[PROBLEM TO WORK ON]
Write out word for word the lines from the one holding "ciprofloxacine" through the end of the data, and only those lines. Pictures stay out.

--- DATA RECORDS ---

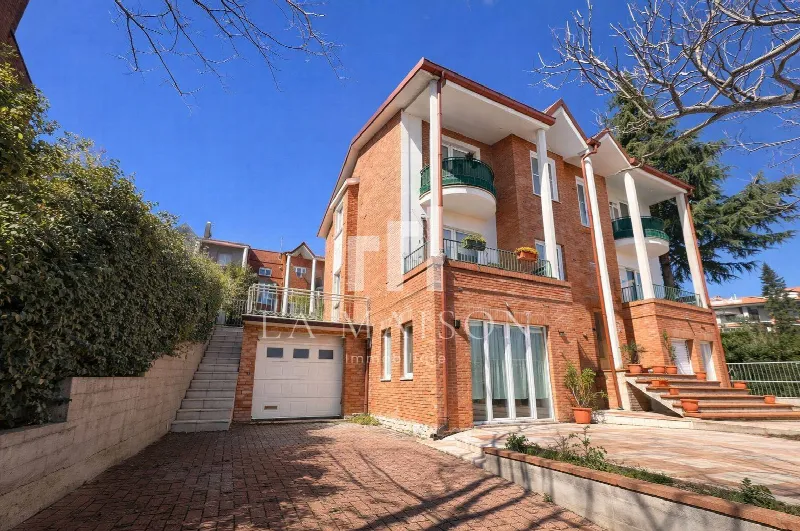 Villa in vendita a Ferrazzano - foto 1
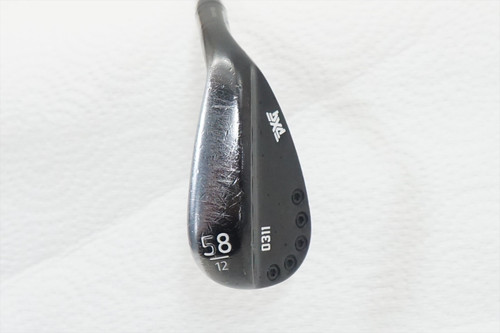 Pxg O311 Xtreme Dark Wedge 58°-12 Stiff Project X Lz Stl 1047438 Fair D35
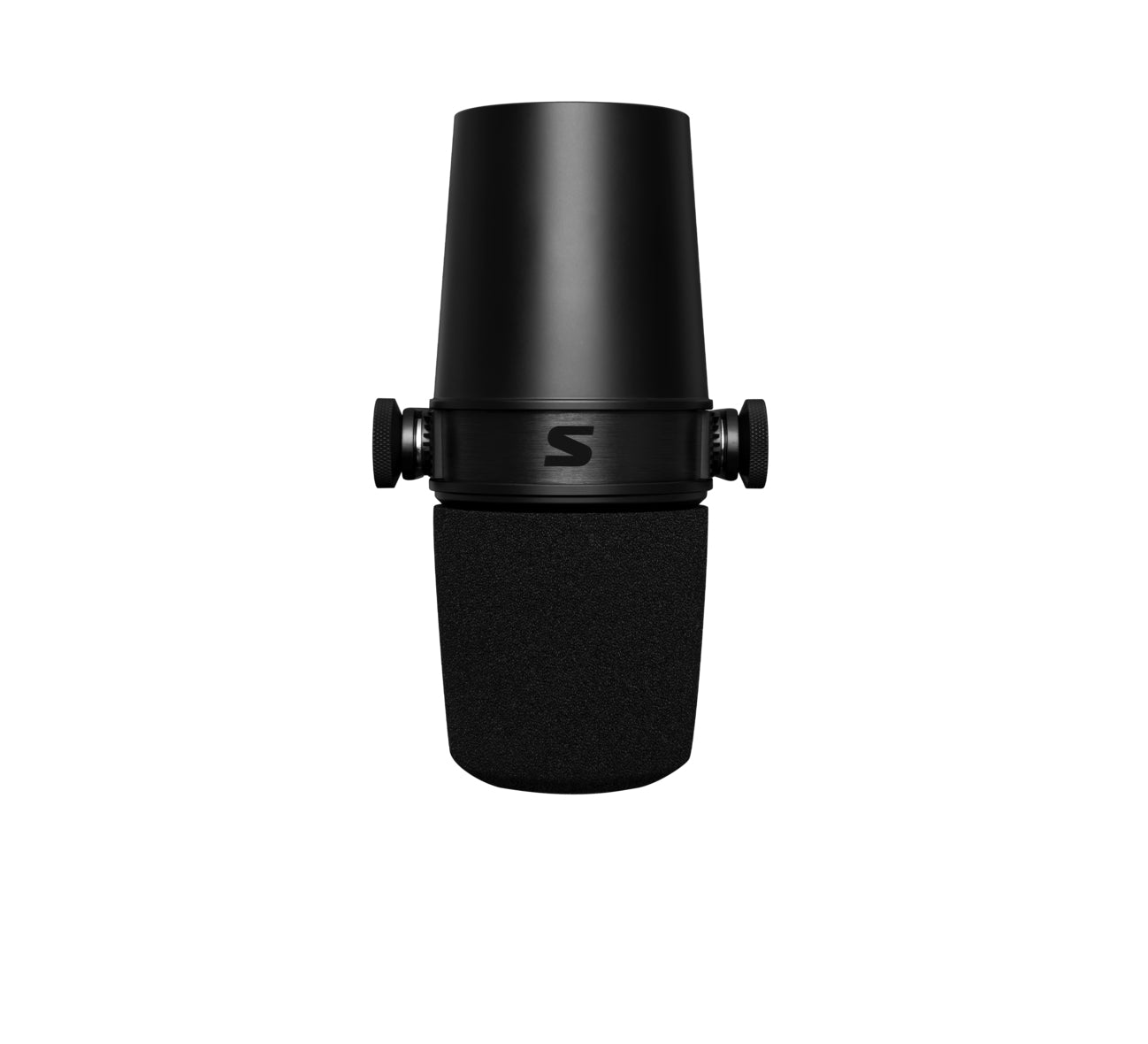 Shure MV7-X μικρόφωνο Μαύρος (Μαύρο) Μικρόφωνο στούντιο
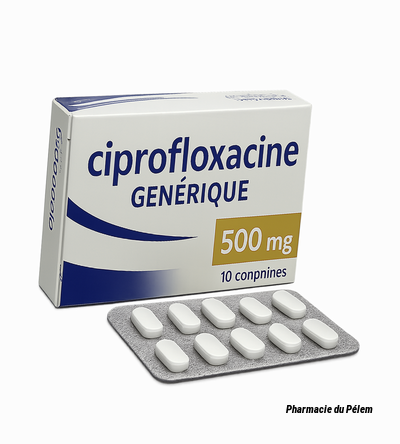 ciprofloxacine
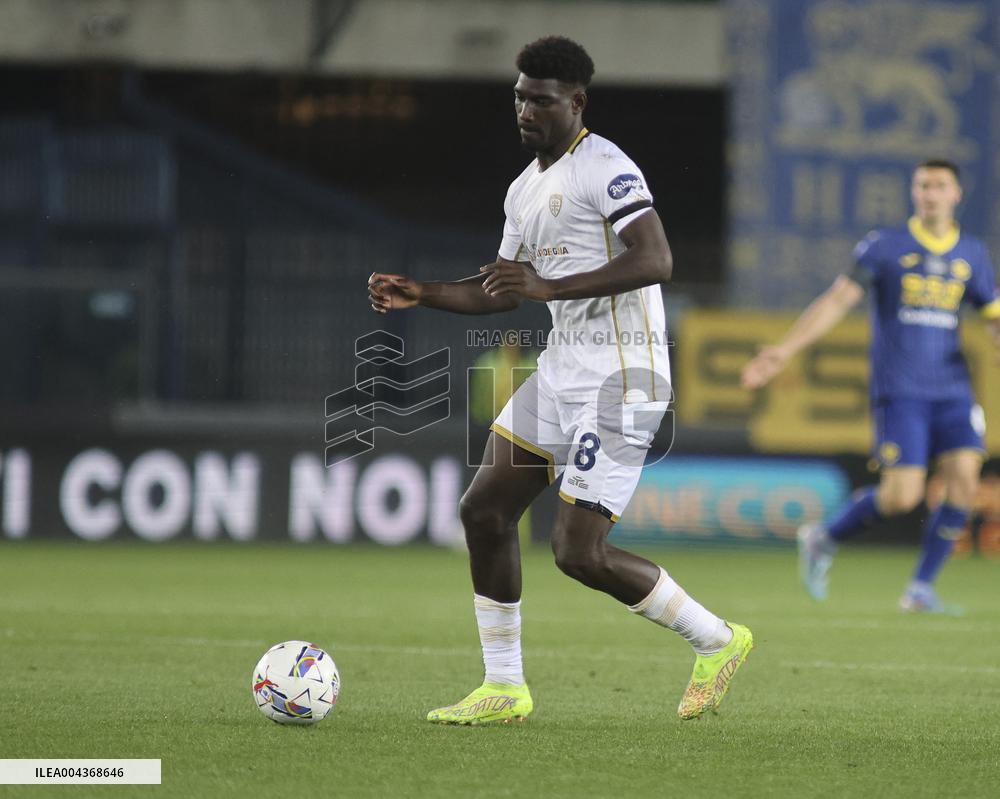 CALCIO - Serie A - Hellas Verona FC vs Cagliari Calcio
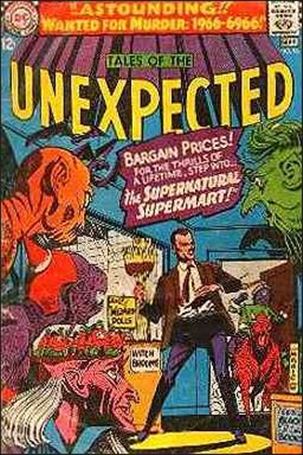 Tales of the Unexpected (1956) issue 96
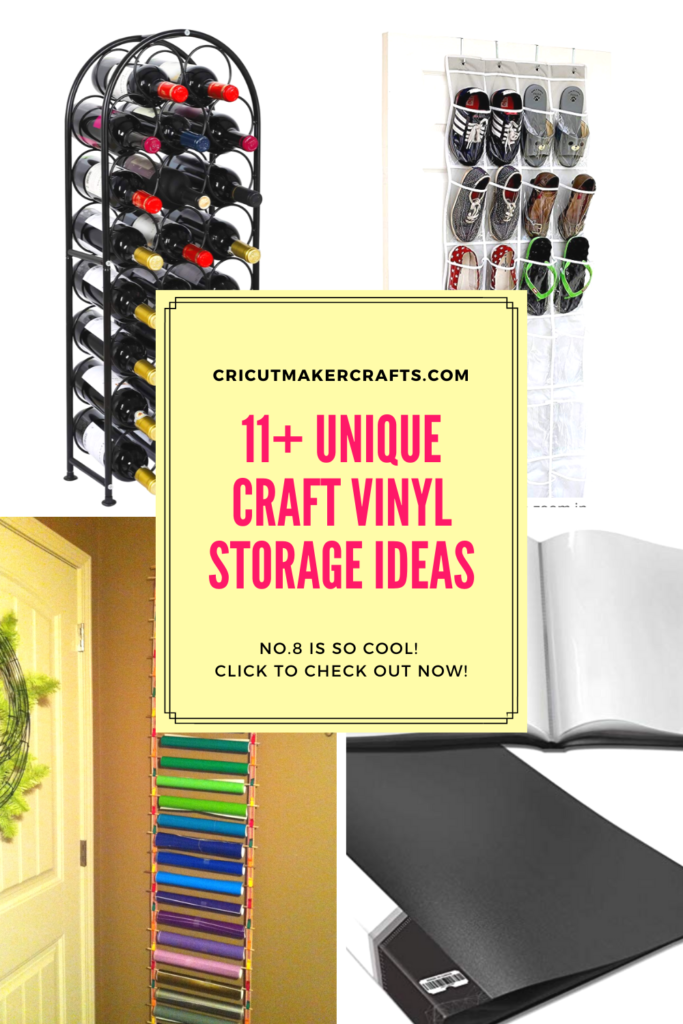 How To Store 12X12 Vinyl Sheets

---

[RESULT BELOW]
 ciprofloxacine
 CALCIO - Serie A - Hellas Verona FC vs Cagliari Calcio
 Tales of the Unexpected (1956) issue 96
 How To Store 12X12 Vinyl Sheets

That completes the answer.